Conditional Probability and Conditional Expectation
The Discrete Case
For any two events \(E\) and \(F\), the conditional probability of \(E\) given \(F\) is defined, as long as \(P(F) > 0\), by
\[ P(E|F) = \frac{P(E F)}{P(F)}. \]
Hence, if \(X\) and \(Y\) are discrete random variables, then it is natural to define the conditional probability mass function of \(X\) given that \(Y = y\), by
\[ \begin{align*} p_{X|Y}(x|y) &= P(X = x | Y = y) \\ &= \frac{P(X = x, Y = y)}{P(Y = y)} \\ &= \frac{p(x,y)}{p_Y(y)}. \end{align*} \]
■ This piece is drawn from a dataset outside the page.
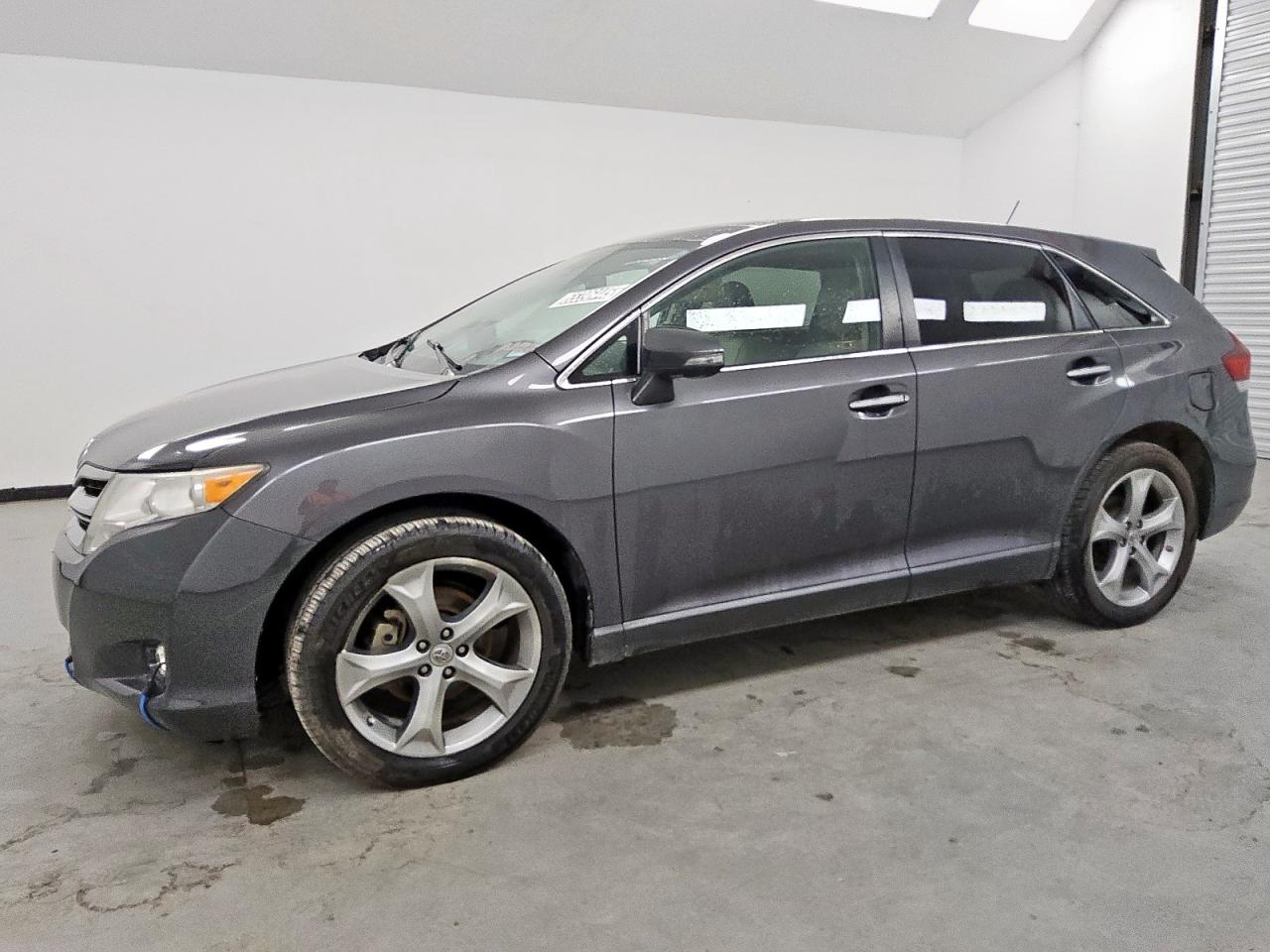 TOYOTA VENZA LE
Similarly, the conditional probability distribution function of \(X\) given that \(Y=y\) is defined, for all \(y\) such that \(P(Y = y) > 0\), by
\[ \begin{align*} F_{X|Y}(x|y) &= P(X \leq x | Y = y) \\ &= \sum_{a \leq x} P_{X | Y}(a | y) \\ \end{align*} \]
The conditional expectation of \(X\) given that \(Y = y\) is defined by \[ E[X | Y = y] = \sum_{x} x P(X = x | Y = y) = \sum_{x} x p_{X|Y}(x|y). \]
The Continuous Case
If \(X\) and \(Y\) have a joint probability density function \(f(x, y)\), then the conditional probability density function of \(X\), given that \(Y = y\), is defined for all values of \(y\) such that \(f_Y(y) > 0\), by
\[ \begin{align*} f_{X|Y}(x|y) &= \frac{f(x,y)}{f_Y(y)} \\ &= \frac{f(x,y)}{\int_{-\infty}^{\infty} f(x,y) dx}. \end{align*} \] The conditional distribution function of \(X\) given that \(Y = y\) is defined by \[ \begin{align*} F_{X|Y}(x|y) &= P(X \leq x | Y = y) \\ &= \int_{-\infty}^{x} f_{X|Y}(a|y) da \\ &= \int_{-\infty}^{x} \frac{f(a,y)}{f_Y(y)} da \\ &= \frac{1}{f_Y(y)} \int_{-\infty}^{x} f(a,y) da. \end{align*} \]
The conditional expectation of \(X\) given that \(Y = y\) is defined or all values of \(y\) such that \(f_Y(y) > 0\), by \[ \begin{align*} E[X | Y = y] &= \int_{-\infty}^{\infty} x f_{X|Y}(x|y) dx \\ &= \int_{-\infty}^{\infty} x \frac{f(x,y)}{f_Y(y)} dx \\ &= \frac{1}{f_Y(y)} \int_{-\infty}^{\infty} x f(x,y) dx. \end{align*} \]
Computing Expectations by Conditioning
Let us denote by \(E[X|Y]\) that function of the random variable \(Y\) whose value at \(Y = y\) is \(E[X|Y = y]\). Note that \(E[X|Y]\) is itself a random variable. An extremely important important property of conditional expectation is that for all random variables \(X\) and \(Y\) \[ E[X] = E[E[X|Y]] \]
If \(Y\) is a discrete random variable, then \[ E[X] = \sum_{y} E[X|Y = y] P(Y = y) \]
If \(Y\) is continuous with density \(f_Y(y)\), then \[ E[X] = \int_{-\infty}^{\infty} E[X|Y = y] f_Y(y) dy \]